“Scholars rely on accurate data to track and analyze the true effect of police militarization on crime,” stated the report’s lead author, Anna Gunderson, an assistant professor at Louisiana State University. “Policymakers also need accurate data to base their decisions upon. However to date, we do not have reliable data on SME transfers to local police and sheriffs through the federal government.”
President Obama halted the distribution of more extreme SME, like grenade launchers and armored vehicles, after displays of excessive force by police during the 2014 protests in Ferguson, Missouri. Former President Trump lifted those restrictions in 2017 on the supposed strength of research indicating that militarized law enforcement lowered crime rates.
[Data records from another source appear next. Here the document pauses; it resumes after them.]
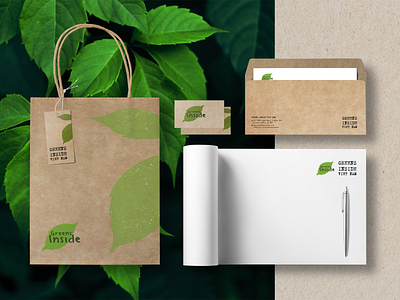 Greens Inside brand identity branding design graphic design leaf logo organic stationary typography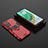 Silicone Matte Finish and Plastic Back Cover Case with Magnetic Finger Ring Stand KC1 for Xiaomi Mi 10T 5G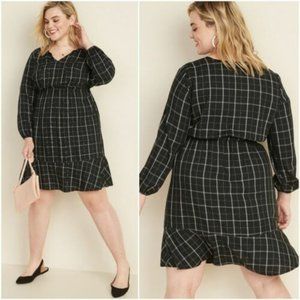 Old Navy Black Plaid Waist-Defined Tie-Neck Plus-Size Dress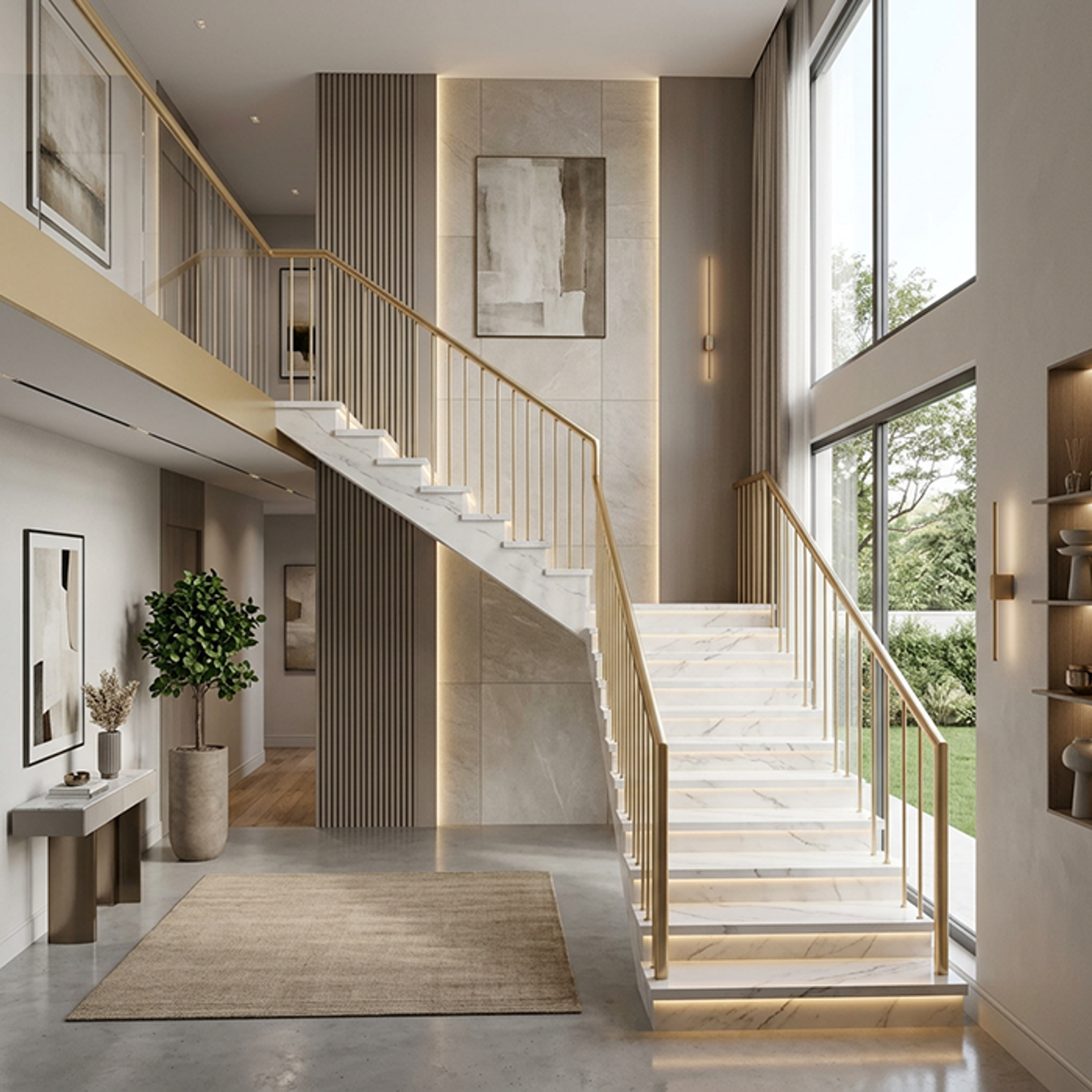 Contemporary L-Shaped Staircase Design with Italian Marble and Metal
That same year Gunderson and her colleagues from Emory University started examining figures from the 1033 program, a primary provider of SME to local jurisdictions.
“When we looked at the data and ran the replications, nothing looked like the results being cited by the Trump administration,” remarked Gunderson. “We spent a year trying to diagnose the problem.”
A comparison of data from 2014 and 2018 showed SME disappeared from the inventories of some local law enforcement and items appeared in those of others during a period when procuring such equipment was prohibited. Because the information furnished by the Department of Defense proved unreliable, researchers determined that claims that the SME allocations reduced crime could not be sustained.
“This is a cautionary tale about the importance of oversight,” said Tom Clark, a political science professor at Emory. “The most important thing for policy makers and the public to know is that you can’t justify giving surplus military equipment to police departments on the grounds it will lead to a reduction in crime. There is no evidence for that.”